Однако Олехновича польская печать не волновала – он хотел говорить с белорусскими студентами и поэтами, заглядевшимися на красную звезду, раз там, в Минске, белорусский язык вводили в школы и университеты, а в Польше белорусские школы закрывали, их же сажали в тюрьмы за коммунизм. Олехнович старался предостеречь их от того, что должно было наступить: вместо белорусского в образовании – русский, а ту интеллигенцию, которая хотела создавать белорусскую культуру, уничтожили в Куропатах. Так-то вот знание Олехновича оказалось бесполезным, и сегодня никто на свете, а может быть, и в Белоруссии не помнит его имени.
Притча вторая
Станислав Свяневич, экономист, был одним из самых молодых моих профессоров в Виленском университете им. Стефана Батория. Офицером запаса он воевал в сентябрьской кампании и затем был интернирован в Козельске. Этапированного в апреле 1940 года до станции Гнездово, его оставили в поезде, но он видел, как грузят его товарищей в автобус с окнами, замазанными известкой. По приказу властей его в последний момент отправили на Лубянку, чтобы вести следствие по делу о его мнимом шпионаже в пользу германского Рейха, тогда союзника Москвы. По странному недосмотру властей этот главный свидетель убийств в Катыни покинул СССР с армией Андерса и написал книгу «В тени Катыни». Она издана Гедройцем в его «Институте литерацком» в 1976 году, [в Польше] в подпольной «Официне либералов» – в 1981-м, а легальное издание в «Чительнике» вышло в 1990-м.
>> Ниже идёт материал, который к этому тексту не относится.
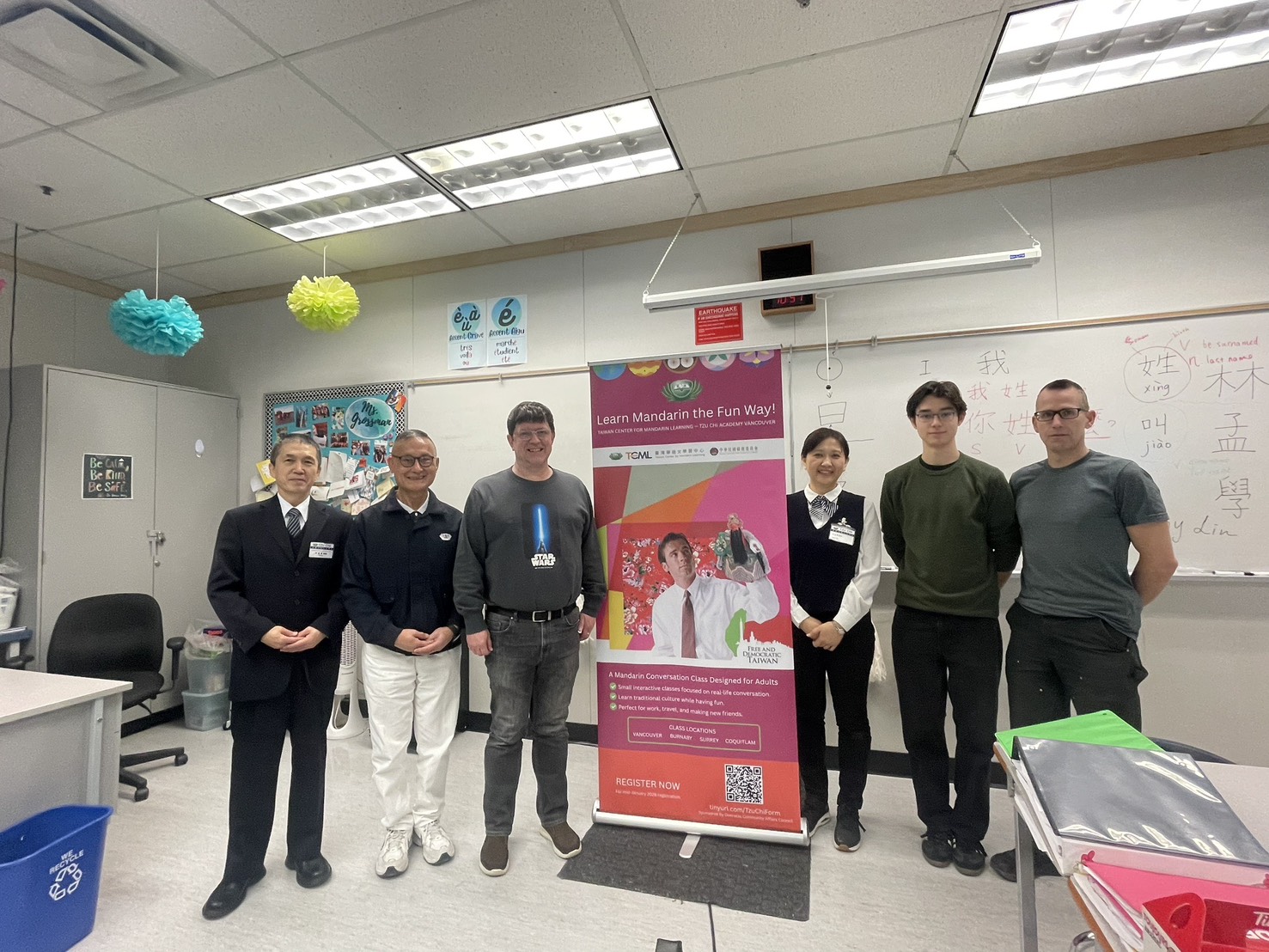 學員與教師於課程首日合影留念，展現多元文化交流與學習的熱情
К Свяневичу я относился несколько иначе, чем просто благодарный студент к хорошему профессору. Нас связывали и другие дела. Он был сениором Академического клуба бродяг, а наши сениоры были, может быть, идеологичнее, чем сам клуб, то есть они были демократичны и яростно спорили о прошлом и настоящем Виленщины. Свяневич был человеком кристальным, соединявшим ревностное католичество с политической терпимостью. Со Свяневичем я встречался после войны и старался убедить телевизионщиком, чтобы они записали разговор с ним, почти очевидцем Катыни. Умер он в возрасте 98 лет.
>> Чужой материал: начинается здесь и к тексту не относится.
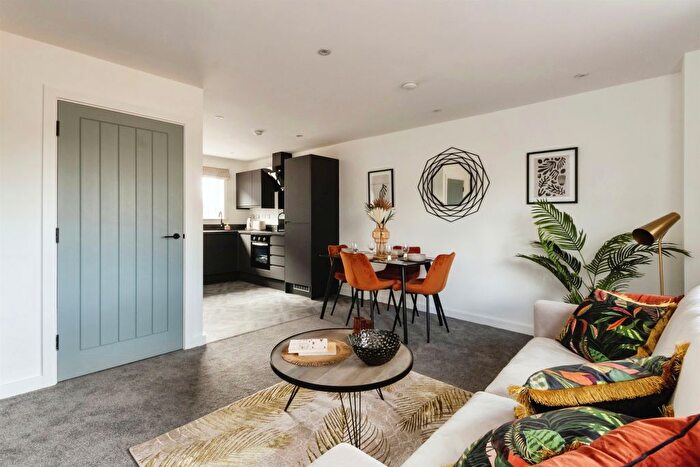 3 Bedroom Town House For Sale In Tulip Street, Beeston, Nottingham, NG9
Я как раз получил книгу «В тени Катыни», переведенную на английский язык его сыном Витольдом Свяневичем и невесткой, – издание никому неизвестной фирмы в Канаде, на самом деле попросту на счет переводчика. И должен признаться, что эта публикация привела меня в подавленное настроение. По прошествии десятков лет, когда правительства западных стран, чтобы не раздражать Москву, делали вид, что катынское преступление совершили немцы, не нашлось ни одного серьезного издательства на Западе, чтобы выпустить эту книгу, такую важную для понимания истории ХХ века, и хоть так информировать общественность о великой лжи, которую годами поддерживали правительства и масс-медиа. Неужели память об одном из крупнейших преступлений ХХ века была всего лишь внутренним делом поляков и по-настоящему волновала только семью наидостовернейшего свидетеля?